**Exercise directions**
Starting with the first line of the records, write out each line exactly until you have included the line containing "Sensor de movimiento".

╭─ Provided entries

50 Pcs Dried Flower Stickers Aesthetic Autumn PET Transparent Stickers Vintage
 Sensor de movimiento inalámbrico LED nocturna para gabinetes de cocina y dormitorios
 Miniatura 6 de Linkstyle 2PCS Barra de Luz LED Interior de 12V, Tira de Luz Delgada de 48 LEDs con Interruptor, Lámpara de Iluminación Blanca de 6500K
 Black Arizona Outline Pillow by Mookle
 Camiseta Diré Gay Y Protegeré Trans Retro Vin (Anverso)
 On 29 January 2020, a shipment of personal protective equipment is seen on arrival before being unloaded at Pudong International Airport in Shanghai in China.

╰─

**Answer for this exercise**
50 Pcs Dried Flower Stickers Aesthetic Autumn PET Transparent Stickers Vintage
 Sensor de movimiento inalámbrico LED nocturna para gabinetes de cocina y dormitorios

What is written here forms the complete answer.